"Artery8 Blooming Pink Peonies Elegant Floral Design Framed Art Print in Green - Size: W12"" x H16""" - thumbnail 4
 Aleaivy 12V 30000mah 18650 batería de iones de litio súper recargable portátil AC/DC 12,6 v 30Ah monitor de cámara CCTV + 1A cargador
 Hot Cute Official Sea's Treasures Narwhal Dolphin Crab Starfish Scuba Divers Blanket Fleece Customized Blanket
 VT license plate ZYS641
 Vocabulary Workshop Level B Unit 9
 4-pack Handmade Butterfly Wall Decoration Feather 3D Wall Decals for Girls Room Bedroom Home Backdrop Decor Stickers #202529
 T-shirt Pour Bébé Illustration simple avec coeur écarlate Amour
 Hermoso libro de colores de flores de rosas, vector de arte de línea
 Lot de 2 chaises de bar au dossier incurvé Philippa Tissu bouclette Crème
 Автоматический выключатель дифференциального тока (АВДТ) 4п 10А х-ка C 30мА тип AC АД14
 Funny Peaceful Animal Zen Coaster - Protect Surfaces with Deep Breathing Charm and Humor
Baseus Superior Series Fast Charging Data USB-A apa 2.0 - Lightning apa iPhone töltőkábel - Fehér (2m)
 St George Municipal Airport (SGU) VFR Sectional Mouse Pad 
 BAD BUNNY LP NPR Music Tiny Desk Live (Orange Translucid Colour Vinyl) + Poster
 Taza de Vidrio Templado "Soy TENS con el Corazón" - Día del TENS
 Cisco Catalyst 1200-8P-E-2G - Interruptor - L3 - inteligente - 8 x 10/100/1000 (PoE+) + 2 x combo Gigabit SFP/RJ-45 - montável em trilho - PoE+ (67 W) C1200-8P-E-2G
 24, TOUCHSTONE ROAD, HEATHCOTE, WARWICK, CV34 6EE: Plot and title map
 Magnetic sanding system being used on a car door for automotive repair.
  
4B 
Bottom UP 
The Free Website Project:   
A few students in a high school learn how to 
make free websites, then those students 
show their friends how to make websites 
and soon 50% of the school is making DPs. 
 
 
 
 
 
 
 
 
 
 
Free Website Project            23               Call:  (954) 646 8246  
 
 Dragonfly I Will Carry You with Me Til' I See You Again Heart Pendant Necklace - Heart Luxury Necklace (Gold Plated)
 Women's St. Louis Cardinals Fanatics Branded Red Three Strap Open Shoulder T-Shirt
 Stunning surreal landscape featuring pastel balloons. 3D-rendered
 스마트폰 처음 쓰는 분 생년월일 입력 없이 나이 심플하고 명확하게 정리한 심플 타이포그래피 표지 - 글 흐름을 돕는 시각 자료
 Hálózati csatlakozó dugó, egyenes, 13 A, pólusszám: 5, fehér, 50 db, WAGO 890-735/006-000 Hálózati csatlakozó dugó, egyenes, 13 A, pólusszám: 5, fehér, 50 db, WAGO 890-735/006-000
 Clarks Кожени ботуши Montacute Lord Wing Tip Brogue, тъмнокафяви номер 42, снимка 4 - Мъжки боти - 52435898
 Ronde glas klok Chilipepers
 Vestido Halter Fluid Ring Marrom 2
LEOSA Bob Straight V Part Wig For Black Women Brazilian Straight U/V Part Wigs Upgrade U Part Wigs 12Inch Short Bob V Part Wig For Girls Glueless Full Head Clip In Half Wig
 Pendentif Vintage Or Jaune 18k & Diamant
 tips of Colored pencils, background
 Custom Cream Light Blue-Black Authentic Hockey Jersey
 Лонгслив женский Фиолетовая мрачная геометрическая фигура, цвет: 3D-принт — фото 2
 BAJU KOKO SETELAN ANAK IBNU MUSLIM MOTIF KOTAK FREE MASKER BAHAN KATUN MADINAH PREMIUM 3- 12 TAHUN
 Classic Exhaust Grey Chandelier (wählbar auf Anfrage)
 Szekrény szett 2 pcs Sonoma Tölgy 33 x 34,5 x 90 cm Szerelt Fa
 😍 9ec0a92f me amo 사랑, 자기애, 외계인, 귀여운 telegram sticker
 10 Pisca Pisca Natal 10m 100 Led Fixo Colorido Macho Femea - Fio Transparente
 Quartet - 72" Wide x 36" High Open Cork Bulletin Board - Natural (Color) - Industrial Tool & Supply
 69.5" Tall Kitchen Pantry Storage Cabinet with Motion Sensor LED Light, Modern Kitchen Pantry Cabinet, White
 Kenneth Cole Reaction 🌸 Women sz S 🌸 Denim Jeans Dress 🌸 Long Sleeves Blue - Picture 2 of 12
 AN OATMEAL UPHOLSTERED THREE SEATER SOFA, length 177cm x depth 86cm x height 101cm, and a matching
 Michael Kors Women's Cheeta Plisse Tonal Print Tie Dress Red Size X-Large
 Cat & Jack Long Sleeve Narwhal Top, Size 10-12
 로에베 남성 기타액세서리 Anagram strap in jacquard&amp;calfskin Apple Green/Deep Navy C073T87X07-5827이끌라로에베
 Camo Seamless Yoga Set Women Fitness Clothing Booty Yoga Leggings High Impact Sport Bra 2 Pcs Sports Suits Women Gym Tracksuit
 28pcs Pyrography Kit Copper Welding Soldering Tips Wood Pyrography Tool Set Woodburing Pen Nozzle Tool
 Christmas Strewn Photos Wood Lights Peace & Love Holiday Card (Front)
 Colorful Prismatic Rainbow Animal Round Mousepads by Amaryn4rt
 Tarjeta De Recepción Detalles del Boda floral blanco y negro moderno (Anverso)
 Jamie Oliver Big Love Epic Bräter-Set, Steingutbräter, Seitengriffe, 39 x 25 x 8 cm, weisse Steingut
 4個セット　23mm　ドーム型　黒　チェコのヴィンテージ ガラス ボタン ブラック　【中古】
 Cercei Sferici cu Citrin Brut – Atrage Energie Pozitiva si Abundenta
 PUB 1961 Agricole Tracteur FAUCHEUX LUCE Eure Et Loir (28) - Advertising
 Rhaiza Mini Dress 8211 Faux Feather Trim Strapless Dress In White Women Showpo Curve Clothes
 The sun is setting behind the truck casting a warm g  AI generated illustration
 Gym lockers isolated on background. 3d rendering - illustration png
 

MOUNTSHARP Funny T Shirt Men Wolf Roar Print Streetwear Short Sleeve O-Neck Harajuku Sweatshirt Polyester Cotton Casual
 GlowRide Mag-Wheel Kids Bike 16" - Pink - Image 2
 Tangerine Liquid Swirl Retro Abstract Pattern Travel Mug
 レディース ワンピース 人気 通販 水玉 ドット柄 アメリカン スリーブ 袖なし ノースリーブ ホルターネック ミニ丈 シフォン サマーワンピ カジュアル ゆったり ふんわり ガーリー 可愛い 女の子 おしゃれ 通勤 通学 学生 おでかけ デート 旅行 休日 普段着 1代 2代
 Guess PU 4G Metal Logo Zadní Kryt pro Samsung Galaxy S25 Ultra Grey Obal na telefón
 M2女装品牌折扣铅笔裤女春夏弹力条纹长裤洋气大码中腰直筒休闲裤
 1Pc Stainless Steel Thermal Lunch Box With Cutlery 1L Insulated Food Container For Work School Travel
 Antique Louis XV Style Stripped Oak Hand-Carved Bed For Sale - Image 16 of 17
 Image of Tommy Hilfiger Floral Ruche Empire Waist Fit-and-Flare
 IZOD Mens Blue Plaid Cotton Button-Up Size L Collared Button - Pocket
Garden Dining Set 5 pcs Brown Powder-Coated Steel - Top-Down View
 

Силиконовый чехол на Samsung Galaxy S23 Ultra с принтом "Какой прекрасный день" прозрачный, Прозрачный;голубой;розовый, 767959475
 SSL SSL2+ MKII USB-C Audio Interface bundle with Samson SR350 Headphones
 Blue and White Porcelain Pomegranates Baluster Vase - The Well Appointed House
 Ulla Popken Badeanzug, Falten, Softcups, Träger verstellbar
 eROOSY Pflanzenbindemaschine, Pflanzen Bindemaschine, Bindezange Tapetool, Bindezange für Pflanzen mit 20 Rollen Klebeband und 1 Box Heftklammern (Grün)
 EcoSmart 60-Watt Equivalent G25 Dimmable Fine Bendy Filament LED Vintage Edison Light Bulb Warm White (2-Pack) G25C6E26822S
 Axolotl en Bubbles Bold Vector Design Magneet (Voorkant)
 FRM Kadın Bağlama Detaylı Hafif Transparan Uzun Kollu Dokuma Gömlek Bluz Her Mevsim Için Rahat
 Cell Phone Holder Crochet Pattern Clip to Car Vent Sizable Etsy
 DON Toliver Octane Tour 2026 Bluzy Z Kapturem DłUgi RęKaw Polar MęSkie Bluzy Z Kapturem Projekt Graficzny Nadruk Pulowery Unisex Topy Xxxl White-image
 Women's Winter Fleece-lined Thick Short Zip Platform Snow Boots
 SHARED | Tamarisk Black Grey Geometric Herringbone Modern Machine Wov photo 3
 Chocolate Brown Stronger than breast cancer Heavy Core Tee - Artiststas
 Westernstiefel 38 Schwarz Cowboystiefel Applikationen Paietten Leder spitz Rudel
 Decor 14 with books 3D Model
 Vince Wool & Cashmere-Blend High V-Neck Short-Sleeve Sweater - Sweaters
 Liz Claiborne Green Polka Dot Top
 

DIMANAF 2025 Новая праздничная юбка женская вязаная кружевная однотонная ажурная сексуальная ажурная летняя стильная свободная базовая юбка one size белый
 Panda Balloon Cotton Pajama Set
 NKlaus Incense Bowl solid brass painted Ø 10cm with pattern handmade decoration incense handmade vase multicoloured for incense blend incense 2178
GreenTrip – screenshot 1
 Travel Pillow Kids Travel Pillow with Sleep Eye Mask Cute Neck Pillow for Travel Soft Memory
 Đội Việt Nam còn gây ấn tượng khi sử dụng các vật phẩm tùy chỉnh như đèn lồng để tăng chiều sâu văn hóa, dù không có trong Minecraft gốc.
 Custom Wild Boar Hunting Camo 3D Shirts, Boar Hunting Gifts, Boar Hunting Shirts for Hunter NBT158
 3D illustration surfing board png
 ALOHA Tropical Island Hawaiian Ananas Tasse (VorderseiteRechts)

____

The required output is every line above from the one with "SSL SSL2+ MKII" down to the one with "eROOSY Pflanzenbindemaschine, Pflanzen", restated word for word, ends included.

- **Answer area**:
 SSL SSL2+ MKII USB-C Audio Interface bundle with Samson SR350 Headphones
 Blue and White Porcelain Pomegranates Baluster Vase - The Well Appointed House
 Ulla Popken Badeanzug, Falten, Softcups, Träger verstellbar
 eROOSY Pflanzenbindemaschine, Pflanzen Bindemaschine, Bindezange Tapetool, Bindezange für Pflanzen mit 20 Rollen Klebeband und 1 Box Heftklammern (Grün)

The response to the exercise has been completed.